Il devance l'appel en 1917, est blessé, est fait prisonnier, s'évade, et est décoré de la Croix de Guerre.
Avec deux diplômes d'ingénieur, il devient officier de la Marine marchande, mais la quitte pur se faire interner à l'hôpital psychiatrique de sainte Marie au Puy d'où il s'évadera.
Plus tard, il va passer quelques mois aux U.S.A, où il exerce divers métiers et dont il revient pour ouvrir un commerce de, puis maire de sa commune natale en 1929, poste dont il est suspendu par le Préfet à cause de son anticonformisme et de démêlés avec un Juge dont il aimait se moquer.
Le franc-parler de Philibert Besson et son caractère irascible lui créent de nombreuses inimitiés. Il s'élève contre les « vautours » de l'industrie électrique et des chemins de fer et contre les spoliations dont sont victimes les paysans qui vendent leur blé aux industriels de la meunerie.

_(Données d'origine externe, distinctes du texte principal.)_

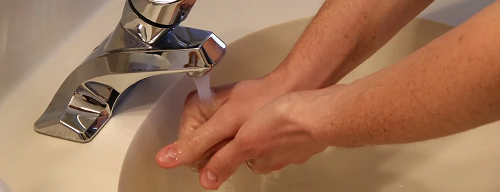 Hand washing before inserting contact lenses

Il crée avec Joseph Archer 150 dépôts où l'on vend les «pains Philibert Besson » 29 sous au lieu de 39.
Quelques temps auparavant, il a arraché des poteaux électriques dans une commune de Haute-Loire.
Il organise à Saint-Etiennele 3 mars 1935 un inoubliable meeting où, debout sur une horloge, il harangue 20 000 personnes qui le porteront ensuite en triomphe dans tout le centre-ville. Partout il dénonce, les alliances cachées entre les partis, et celles de ces derniers avec le monde financier et les entreprises.
Besson s'est fait le propagandiste, programme qui prévoit entre autres la création des « États Fédérés d'Europe »
et la suppression des barrières douanières et qui se termine par cette phrase : La France, ainsi, ayant résolu tous ces problèmes nationaux, ayant un idéal international, pourra être véritablement la reine de la paix.
Mobilisé en 1939 pour la guerre qu'il annonçait depuis des années, Philibert Besson est arrêté pour avoir tenu publiquement des propos défaitistes (« Nos armées ne peuvent vaincre. Elles sont quasiment trahies. ») dans un café alors qu'il portait l'uniforme. Il est enfermé à la prison de Rion où il meurt le17 mars 1941, dénutri et tuberculeux, à la suite de véritables séances de tabassage organisées par ses gardiens.